View from the House - Austin Mitchell MP
(Accountancy Age, 10 June 1999)
The UK accountancy bodies have always behaved like trade associations,
not guardians of the public interest. They seek economic advantages
for their
members. They lobby government departments to protect their interests.
They aim to shift the tax burdens from the rich to the poor.Yet
their PR
still claims that accountancy is a profession - independent,
respectable and
principled - and that accountants individually accept responsibility
for their
judgements and that they themselves serve the public interest,
accountability
and transparency. It's all a 19th century myth.

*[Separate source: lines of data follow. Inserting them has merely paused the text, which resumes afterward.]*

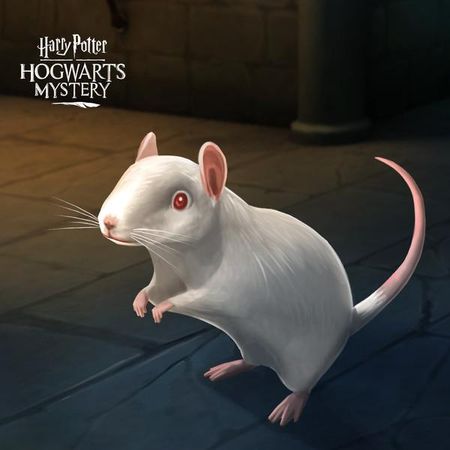 What animal would be your pet at Hogwarts?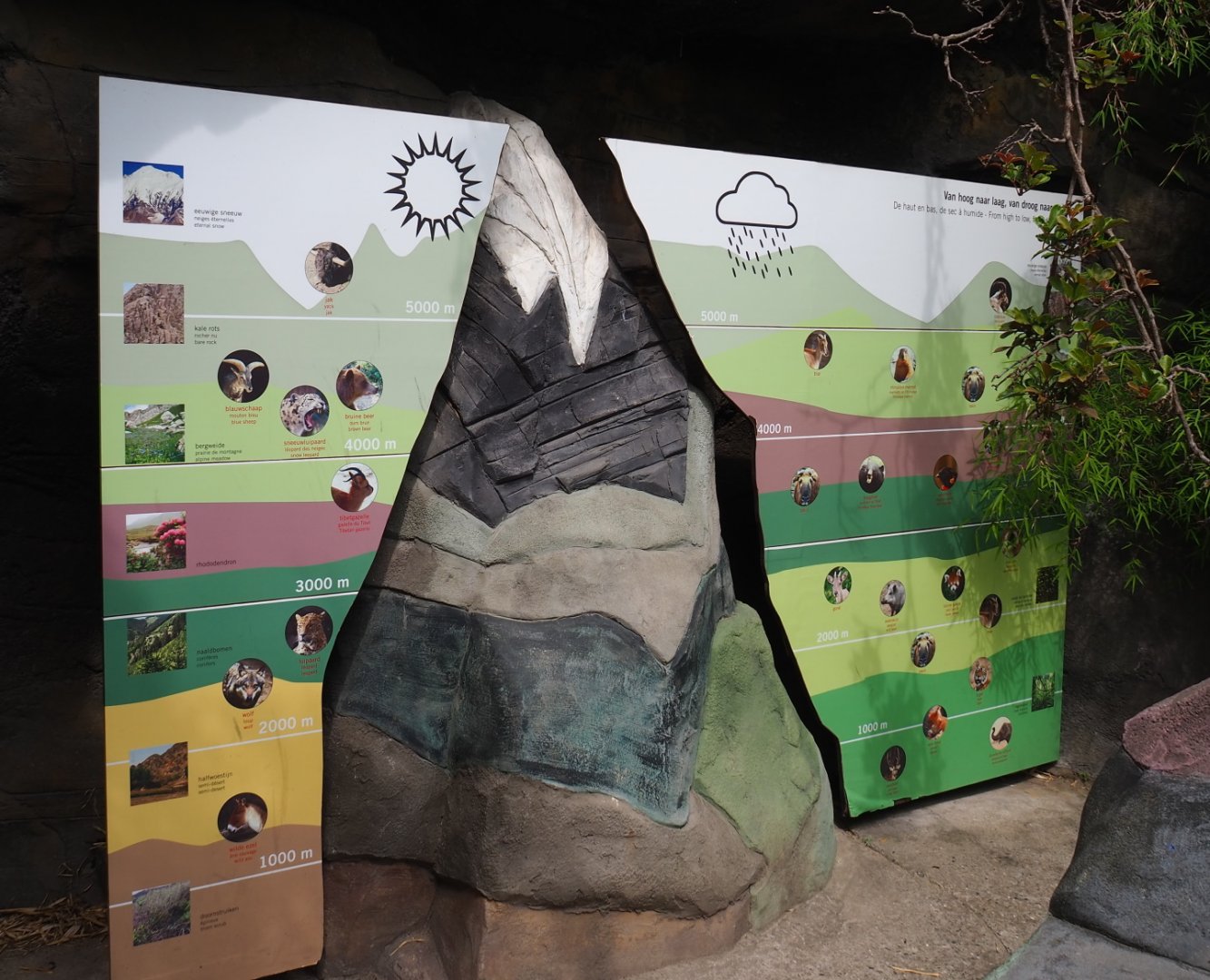 Elevation and habitat zones in the Himalayas educational display, 2021-06-12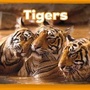 Cover: Tigers - Raintree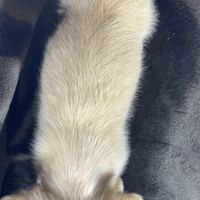 Romy, femelle kannischen teckel crème #5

Personal responsibility is now increasingly replaced by incorporation
of firms. LLPs will, they hope, finalise this process. Rather than ethics,
social responsibility and professional
judgement, accountants shelter behind the latest accounting and
auditing
standards and their self-protecting ingenuities.
The accountancy bodies claim to serve 'the public interest' but, when
I asked them how, none could indicate its meaning. Nor could they point
me to any part of their syllabuses
which encourages accountants to reflect on 'whose interest is
the public
interest'. Accountancy firms rarely publish any meaningful information
about their own affairs but they want it from everyone else.
The
accountancy bodies hide behind claims of ethics and transparency,
but rarely
apply either to their own affairs. The English ICA 'open' council
meetings are
a sham. ACCA and CIMA keep the public well away, and when I asked
why
ACCA had mysteriously dumped an officer, I was told it was its
own business
not mine. All companies publish details of the highest-paid executive's
salary. CIMA does not. ACCA officeholders take spouses and 'partners'
on worldwide travels at the members' expense, but the annual
report fails to
disclose who paid for whom. Under pressure, ACCA's chief executive
has been obliged to give the figures to the Privy Council Office,
but the annual
accounts remain silent. My enquiries get one-line replies inviting
me to
rearrange two words to form a well-known English phrase or expression.
So
much for the public interest.
Austin Mitchell is Labour MP for Great Grimsby.